Entries supplied Start Marker

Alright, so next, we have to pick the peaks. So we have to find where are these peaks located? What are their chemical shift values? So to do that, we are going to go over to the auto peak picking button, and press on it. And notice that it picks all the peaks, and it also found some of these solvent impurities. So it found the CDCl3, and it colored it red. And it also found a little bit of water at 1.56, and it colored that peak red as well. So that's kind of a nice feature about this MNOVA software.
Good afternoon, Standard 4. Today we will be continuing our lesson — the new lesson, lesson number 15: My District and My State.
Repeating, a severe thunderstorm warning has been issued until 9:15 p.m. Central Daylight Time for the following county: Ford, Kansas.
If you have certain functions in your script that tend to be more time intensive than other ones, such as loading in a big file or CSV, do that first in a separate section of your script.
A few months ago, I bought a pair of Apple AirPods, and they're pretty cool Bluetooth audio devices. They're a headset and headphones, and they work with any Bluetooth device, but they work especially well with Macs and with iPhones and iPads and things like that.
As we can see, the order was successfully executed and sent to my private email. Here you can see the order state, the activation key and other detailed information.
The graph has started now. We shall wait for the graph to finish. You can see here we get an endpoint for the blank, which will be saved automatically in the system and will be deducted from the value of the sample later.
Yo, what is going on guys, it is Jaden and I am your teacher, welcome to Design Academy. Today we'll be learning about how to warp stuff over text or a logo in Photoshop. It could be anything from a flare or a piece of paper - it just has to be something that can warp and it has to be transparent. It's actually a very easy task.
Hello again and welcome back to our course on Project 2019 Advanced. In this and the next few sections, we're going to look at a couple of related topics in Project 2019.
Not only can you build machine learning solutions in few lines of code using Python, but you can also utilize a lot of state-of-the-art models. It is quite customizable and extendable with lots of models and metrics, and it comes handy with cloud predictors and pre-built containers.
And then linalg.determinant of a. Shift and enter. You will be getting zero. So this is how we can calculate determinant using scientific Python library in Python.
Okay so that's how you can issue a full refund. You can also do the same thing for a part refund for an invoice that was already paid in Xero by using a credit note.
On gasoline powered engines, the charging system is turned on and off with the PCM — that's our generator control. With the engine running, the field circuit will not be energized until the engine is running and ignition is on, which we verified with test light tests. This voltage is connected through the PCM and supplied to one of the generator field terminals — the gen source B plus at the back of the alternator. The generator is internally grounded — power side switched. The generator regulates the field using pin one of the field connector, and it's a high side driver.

Entries supplied End Marker

→ **Problem requirements**: Read through the listing and copy each line in which the word "other" occurs.

→ **Answer section**:
If you have certain functions in your script that tend to be more time intensive than other ones, such as loading in a big file or CSV, do that first in a separate section of your script.
As we can see, the order was successfully executed and sent to my private email. Here you can see the order state, the activation key and other detailed information.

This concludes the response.